#### INSTRUCTIONS FOR THE TASK:
What you give must be exactly the lines of the material from the first through the line that contains "Chart móc túi xách tay choilies", inclusive, and no others.

#### STUDY MATERIAL:

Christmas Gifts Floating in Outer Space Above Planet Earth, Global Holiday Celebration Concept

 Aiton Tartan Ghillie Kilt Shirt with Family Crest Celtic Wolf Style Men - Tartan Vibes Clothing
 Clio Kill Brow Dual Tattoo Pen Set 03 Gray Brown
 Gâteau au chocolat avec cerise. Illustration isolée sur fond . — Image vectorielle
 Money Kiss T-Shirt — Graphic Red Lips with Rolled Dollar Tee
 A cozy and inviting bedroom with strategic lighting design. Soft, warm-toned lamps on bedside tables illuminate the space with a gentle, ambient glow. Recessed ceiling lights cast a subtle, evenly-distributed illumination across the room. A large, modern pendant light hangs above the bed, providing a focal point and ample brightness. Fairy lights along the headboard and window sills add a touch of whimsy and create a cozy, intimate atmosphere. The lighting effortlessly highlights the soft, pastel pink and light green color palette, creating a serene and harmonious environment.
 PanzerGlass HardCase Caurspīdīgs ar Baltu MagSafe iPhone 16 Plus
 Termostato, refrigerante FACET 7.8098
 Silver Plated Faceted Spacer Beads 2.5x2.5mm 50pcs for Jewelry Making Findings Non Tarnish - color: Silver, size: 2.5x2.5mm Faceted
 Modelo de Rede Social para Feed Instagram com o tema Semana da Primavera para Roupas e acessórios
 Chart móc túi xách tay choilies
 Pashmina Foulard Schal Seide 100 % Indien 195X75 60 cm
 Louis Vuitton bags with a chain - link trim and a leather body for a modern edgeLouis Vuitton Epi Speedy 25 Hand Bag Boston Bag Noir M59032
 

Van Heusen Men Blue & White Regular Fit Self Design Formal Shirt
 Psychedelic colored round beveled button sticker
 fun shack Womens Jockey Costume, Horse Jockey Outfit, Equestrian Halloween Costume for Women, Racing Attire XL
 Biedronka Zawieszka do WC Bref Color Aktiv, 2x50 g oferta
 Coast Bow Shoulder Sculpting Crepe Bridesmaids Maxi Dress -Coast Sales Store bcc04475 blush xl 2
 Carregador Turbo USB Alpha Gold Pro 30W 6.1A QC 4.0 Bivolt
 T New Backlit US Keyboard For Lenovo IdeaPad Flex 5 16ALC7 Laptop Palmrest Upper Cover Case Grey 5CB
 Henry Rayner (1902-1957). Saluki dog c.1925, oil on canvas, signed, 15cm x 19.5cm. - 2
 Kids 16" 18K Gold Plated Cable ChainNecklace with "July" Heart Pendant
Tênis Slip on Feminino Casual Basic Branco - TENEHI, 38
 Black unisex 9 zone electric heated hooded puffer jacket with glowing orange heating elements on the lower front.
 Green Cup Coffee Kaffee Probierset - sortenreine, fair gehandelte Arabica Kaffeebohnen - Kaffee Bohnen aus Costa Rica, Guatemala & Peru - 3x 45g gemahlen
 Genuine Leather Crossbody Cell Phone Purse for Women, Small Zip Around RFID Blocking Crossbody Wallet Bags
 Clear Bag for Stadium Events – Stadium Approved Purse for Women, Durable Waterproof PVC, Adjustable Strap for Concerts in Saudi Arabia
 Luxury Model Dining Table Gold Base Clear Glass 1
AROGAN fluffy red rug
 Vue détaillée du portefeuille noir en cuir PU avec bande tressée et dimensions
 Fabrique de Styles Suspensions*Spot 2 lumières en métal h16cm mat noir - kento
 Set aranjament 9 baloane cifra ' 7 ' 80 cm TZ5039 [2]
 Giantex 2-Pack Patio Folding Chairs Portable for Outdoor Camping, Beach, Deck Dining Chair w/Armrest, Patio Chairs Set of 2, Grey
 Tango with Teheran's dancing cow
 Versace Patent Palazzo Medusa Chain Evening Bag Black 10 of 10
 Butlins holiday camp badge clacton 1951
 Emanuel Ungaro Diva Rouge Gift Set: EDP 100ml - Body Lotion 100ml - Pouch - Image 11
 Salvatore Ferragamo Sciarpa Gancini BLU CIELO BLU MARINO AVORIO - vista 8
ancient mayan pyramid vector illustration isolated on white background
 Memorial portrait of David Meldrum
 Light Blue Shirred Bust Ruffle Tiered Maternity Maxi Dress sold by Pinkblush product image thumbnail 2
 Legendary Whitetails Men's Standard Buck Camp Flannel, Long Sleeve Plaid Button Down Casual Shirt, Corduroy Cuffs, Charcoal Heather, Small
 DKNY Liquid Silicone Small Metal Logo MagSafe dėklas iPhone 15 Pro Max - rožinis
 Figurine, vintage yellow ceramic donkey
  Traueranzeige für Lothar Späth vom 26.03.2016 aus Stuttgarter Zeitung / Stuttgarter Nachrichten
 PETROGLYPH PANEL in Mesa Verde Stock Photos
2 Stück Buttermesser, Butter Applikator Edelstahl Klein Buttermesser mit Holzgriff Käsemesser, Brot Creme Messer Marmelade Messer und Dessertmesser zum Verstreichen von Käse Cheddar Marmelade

#### OUTPUT OF THE TASK:
Christmas Gifts Floating in Outer Space Above Planet Earth, Global Holiday Celebration Concept

 Aiton Tartan Ghillie Kilt Shirt with Family Crest Celtic Wolf Style Men - Tartan Vibes Clothing
 Clio Kill Brow Dual Tattoo Pen Set 03 Gray Brown
 Gâteau au chocolat avec cerise. Illustration isolée sur fond . — Image vectorielle
 Money Kiss T-Shirt — Graphic Red Lips with Rolled Dollar Tee
 A cozy and inviting bedroom with strategic lighting design. Soft, warm-toned lamps on bedside tables illuminate the space with a gentle, ambient glow. Recessed ceiling lights cast a subtle, evenly-distributed illumination across the room. A large, modern pendant light hangs above the bed, providing a focal point and ample brightness. Fairy lights along the headboard and window sills add a touch of whimsy and create a cozy, intimate atmosphere. The lighting effortlessly highlights the soft, pastel pink and light green color palette, creating a serene and harmonious environment.
 PanzerGlass HardCase Caurspīdīgs ar Baltu MagSafe iPhone 16 Plus
 Termostato, refrigerante FACET 7.8098
 Silver Plated Faceted Spacer Beads 2.5x2.5mm 50pcs for Jewelry Making Findings Non Tarnish - color: Silver, size: 2.5x2.5mm Faceted
 Modelo de Rede Social para Feed Instagram com o tema Semana da Primavera para Roupas e acessórios
 Chart móc túi xách tay choilies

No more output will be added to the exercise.